30% seems rather high
but… when they handle payments, refunds, advertising (within their application) and game download costs (server infrastructure?), etc etc etc. it doesnt seem that crazy.
at least, for a lot of indie developers, not having to worry about those things, might easily be worth those 30%
Not to mention the reviews, community hubs, workshop, video streaming and recording, controller support, cloud saves, family sharing.
30% may be a lot, but it’s not like they’re just sitting on it.
EA and Ubisoft don’t offer (most of) those features with their launchers where they do get the full proceeds.
I remember PirateSoftware talking about the remote play online co-op on steam, I think I found it here:
https://www.youtube.com/shorts/Iu4kpM692vI
Definitely doesn’t seem to be sitting on it. Hell man, I have re-bought some games on other platforms just to re-play it on my Steam Deck.
I can’t defend/accost the 30% simply due to my lack of knowledge in the industry.
For it to “even out” they’d only have to increase your reach ~50%.
They do way more than that. And they give you an inherent legitimacy that putting it on your own site doesn’t. It’s not just handling refunds; it’s the certainty as an end user that you’ll get one hassle free.
Without Steam (or another retailer with similar traits), selling an indie game would be closer to a pipe dream than really hard. In almost all cases (and this seems to apply even to AAA publishers as most of them come back), the 30% they’re taking is money you wouldn’t have without them.
I think there are a lot of people who weren’t around for, or don’t remember, how buying digital titles was before Steam got quite so popular.

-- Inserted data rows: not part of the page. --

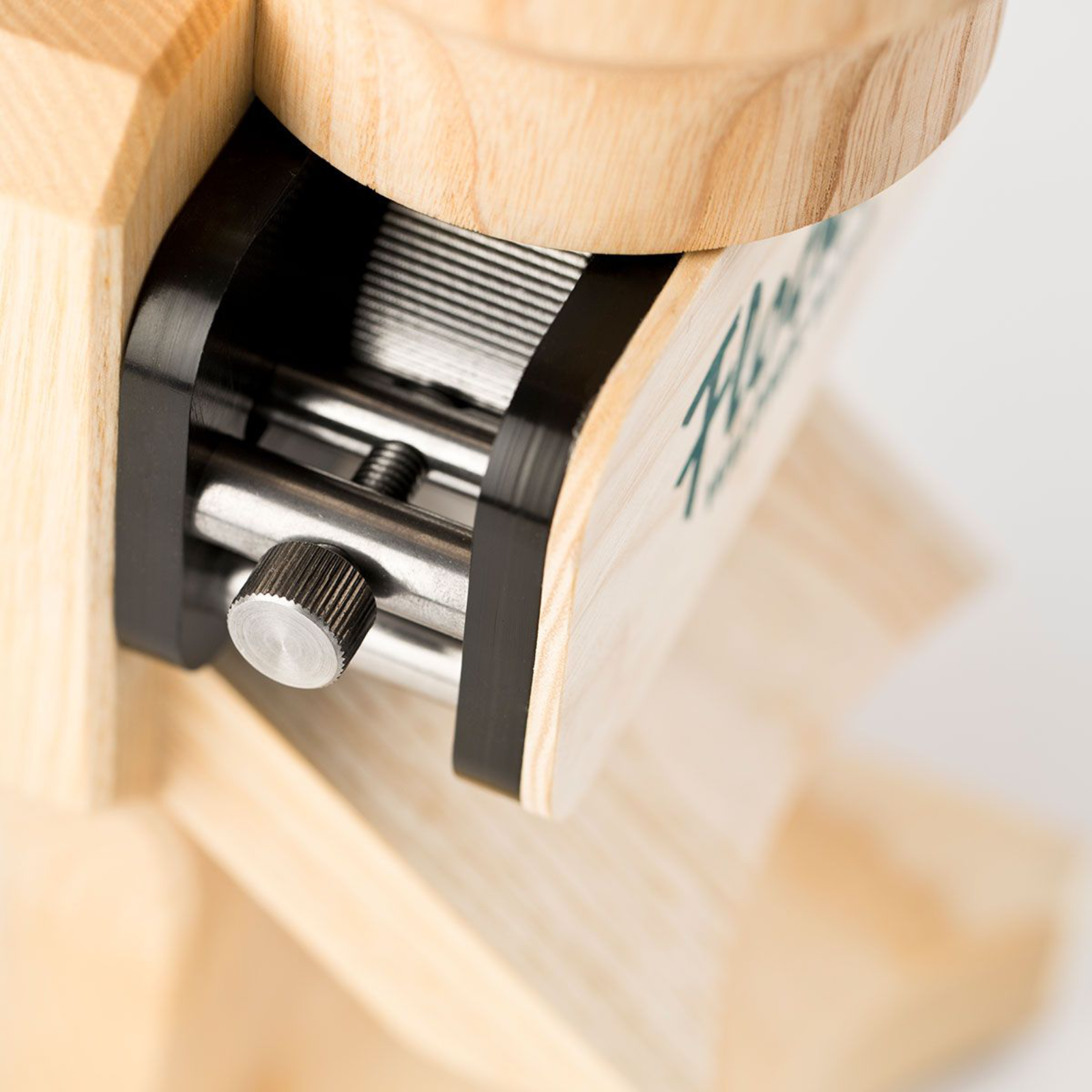 Flake squeezer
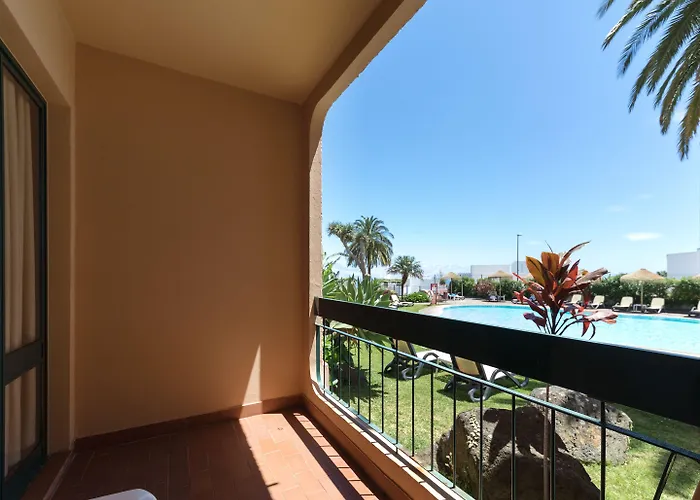 Hotel Dom Pedro Garajau 3*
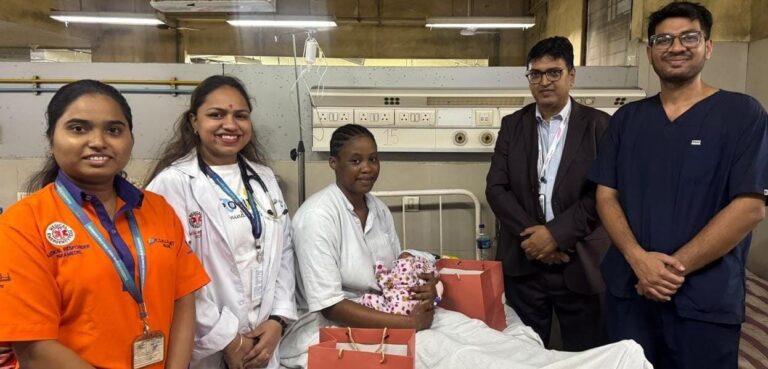 International News: मुंबई एयरपोर्ट स्टाफ ने एंबुलेंस में कराई विदेशी महिला की डिलीवरी; जानिए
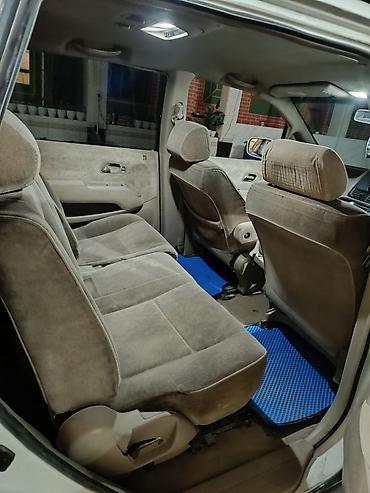 lexus hs250h: Honda Odyssey: 2000 г., 2.3 л, Автомат, Бензин, Минивэн — 10
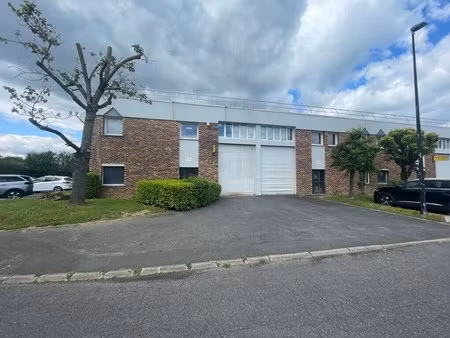 vente local d’activités lisses 91090 675m²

It was pretty rare, and the overwhelming majority of indie games were released for free. There just wasn’t many good ways to get the word out, and most ways of taking payment were costly enough to set up that it was rarely worth trying to get some meager amount of pay if you were just a one man show with no external financial backing.
And exactly none of that matters because Valve has never attempted to maliciously take market share. If someone else wants to step in all they have to do is stop being shit. Steam has tons of issues. From the limited UI adaptability for devs to the rather archaic games list and somewhat silly discussions forums from the 90s, all the way to the convoluted larger menu system.
Yet rather than put any real effort into things we get shitty launchers from 9 different companies ONLY selling their limited scope of bullshit.
But they do give you an advantage. If steam didn’t exist at all, without a comparable replacement, it would not be possible for you to move a real quantity of units at all. The market they provide has massive value, and their market share is a product of genuinely being far and away better than any alternative.
People don’t refuse to buy games on Epic or Origin or Uplay just because they need everything in one place. It’s because all of those platforms are so much worse that they degrade the experience of games purchased through them.